“You said you didn’t drink,” Nora pointed out.
“Well, we didn’t used to,” Soraya hedged. “But we started to drink wine sometimes at home. But I ... I’ve been embarrassed about it, because a lot of people in our church don’t believe in drinking at all. But he said it was fine and ...”
“And you like it,” Nora pointed out.
“Yeah,” Soraya said. “I enjoy a glass of wine.”
“Then you should have it. Not because your husband said it was okay. Because you want some.”
Soraya huffed a laugh. “I know I don’t make sense to you, and I’m kind of pathetic. I’m starting to agree, by the way.”

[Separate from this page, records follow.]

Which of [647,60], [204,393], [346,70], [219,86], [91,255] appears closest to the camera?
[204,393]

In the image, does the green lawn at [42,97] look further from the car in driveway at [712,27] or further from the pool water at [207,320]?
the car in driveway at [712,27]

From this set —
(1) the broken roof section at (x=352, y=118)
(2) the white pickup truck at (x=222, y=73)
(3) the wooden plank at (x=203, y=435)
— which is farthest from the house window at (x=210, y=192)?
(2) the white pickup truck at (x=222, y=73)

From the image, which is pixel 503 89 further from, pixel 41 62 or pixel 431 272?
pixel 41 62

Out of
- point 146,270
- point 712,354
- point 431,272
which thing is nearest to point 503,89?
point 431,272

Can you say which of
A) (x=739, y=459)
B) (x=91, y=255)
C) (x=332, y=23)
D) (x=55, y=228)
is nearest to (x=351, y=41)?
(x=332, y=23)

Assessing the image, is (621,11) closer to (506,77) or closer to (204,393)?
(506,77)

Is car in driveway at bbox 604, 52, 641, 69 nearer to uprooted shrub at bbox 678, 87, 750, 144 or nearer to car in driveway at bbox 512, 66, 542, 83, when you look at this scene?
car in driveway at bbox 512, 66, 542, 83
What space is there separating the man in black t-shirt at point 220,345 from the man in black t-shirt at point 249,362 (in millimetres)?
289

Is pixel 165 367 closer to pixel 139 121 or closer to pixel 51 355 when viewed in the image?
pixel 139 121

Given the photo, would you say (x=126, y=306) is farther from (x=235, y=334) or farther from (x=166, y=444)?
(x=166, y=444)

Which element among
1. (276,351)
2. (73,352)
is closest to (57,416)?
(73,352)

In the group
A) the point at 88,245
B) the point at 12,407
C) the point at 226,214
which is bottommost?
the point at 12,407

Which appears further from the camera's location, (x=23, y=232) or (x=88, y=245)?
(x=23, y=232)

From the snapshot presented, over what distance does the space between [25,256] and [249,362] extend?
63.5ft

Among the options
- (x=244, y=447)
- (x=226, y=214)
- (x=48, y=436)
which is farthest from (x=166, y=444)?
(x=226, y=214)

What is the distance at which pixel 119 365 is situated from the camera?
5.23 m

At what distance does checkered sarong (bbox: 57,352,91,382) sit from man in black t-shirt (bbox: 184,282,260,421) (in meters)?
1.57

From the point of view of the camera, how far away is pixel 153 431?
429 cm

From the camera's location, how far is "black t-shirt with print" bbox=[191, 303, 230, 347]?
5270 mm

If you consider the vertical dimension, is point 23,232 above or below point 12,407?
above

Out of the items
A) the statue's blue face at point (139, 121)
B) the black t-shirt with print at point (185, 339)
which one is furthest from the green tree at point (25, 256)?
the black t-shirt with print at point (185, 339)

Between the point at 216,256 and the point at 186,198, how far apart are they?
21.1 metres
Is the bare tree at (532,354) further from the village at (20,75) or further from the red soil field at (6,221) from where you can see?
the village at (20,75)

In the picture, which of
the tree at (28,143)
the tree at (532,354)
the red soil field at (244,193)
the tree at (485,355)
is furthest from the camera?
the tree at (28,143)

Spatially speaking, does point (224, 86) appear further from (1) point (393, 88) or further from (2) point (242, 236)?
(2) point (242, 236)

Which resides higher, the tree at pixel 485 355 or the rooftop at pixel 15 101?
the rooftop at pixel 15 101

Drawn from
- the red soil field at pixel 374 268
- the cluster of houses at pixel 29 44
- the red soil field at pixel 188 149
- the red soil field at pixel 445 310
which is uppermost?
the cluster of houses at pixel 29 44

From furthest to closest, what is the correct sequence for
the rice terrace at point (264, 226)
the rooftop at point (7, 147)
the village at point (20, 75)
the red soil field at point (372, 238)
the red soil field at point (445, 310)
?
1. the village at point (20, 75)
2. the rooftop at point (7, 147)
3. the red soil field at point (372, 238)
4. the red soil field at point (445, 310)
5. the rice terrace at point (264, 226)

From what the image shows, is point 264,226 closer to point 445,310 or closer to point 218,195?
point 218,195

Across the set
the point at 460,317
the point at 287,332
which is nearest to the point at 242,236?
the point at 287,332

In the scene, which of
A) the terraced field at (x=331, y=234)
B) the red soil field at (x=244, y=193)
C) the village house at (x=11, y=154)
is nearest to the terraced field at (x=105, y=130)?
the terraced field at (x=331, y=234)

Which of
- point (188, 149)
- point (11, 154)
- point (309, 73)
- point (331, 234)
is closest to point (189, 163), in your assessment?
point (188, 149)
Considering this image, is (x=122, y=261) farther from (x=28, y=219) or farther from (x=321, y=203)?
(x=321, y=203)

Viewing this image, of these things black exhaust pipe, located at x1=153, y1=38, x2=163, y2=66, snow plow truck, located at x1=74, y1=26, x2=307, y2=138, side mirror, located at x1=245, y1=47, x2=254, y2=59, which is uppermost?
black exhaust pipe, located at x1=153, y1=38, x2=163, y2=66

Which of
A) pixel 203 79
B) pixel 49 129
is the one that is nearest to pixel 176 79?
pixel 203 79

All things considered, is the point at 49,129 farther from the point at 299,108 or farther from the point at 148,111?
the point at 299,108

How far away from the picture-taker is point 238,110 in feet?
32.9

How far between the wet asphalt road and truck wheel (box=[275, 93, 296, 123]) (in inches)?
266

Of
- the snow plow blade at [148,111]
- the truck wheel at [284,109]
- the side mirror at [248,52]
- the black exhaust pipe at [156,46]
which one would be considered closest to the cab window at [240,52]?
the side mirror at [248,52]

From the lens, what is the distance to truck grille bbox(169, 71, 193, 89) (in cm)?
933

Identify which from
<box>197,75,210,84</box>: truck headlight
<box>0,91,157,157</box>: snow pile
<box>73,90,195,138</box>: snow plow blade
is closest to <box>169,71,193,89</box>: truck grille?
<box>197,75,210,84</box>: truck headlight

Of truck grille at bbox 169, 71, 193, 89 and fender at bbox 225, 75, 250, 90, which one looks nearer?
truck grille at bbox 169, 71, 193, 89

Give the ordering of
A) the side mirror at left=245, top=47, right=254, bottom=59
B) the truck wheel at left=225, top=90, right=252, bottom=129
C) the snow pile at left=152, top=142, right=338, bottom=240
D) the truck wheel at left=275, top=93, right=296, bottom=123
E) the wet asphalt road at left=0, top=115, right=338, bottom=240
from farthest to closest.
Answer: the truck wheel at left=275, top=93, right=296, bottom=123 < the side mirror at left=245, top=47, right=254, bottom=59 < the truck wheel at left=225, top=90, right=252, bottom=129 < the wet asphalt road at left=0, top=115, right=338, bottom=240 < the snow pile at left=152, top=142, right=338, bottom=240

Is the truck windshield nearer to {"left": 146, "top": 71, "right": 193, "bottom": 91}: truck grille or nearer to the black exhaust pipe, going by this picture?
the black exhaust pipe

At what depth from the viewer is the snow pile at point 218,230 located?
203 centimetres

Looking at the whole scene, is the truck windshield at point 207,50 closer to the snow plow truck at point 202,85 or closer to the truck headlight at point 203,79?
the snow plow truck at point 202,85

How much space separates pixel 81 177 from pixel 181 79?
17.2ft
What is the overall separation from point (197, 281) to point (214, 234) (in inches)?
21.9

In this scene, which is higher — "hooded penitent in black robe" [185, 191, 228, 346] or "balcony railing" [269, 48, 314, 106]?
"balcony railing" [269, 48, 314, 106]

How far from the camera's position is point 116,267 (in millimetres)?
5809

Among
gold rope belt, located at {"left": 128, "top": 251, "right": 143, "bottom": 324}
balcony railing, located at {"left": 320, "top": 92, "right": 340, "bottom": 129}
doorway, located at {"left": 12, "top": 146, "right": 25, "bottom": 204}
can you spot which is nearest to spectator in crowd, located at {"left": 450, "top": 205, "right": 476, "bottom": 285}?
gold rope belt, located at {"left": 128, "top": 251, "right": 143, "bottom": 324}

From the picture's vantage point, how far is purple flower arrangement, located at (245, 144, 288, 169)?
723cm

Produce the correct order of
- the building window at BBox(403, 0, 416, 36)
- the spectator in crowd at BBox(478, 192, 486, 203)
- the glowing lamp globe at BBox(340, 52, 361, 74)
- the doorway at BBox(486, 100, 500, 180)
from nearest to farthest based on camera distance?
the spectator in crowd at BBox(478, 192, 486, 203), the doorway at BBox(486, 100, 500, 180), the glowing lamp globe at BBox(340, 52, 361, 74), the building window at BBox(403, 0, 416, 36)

“I don’t think you’re pathetic.” Nora got a corkscrew and opened the bottle. “I really don’t. Not now, anyway. It was easy for me to feellike ... I don’t know, like you were just being mean to me, because I feel like I didn’t understand how sincere your faith is, how deeply you believe what you do.”
“I always have. What kind of ruined my life is realizing how little the people around me believe the things they say. Because they’re not holding him to the standard they would hold me.”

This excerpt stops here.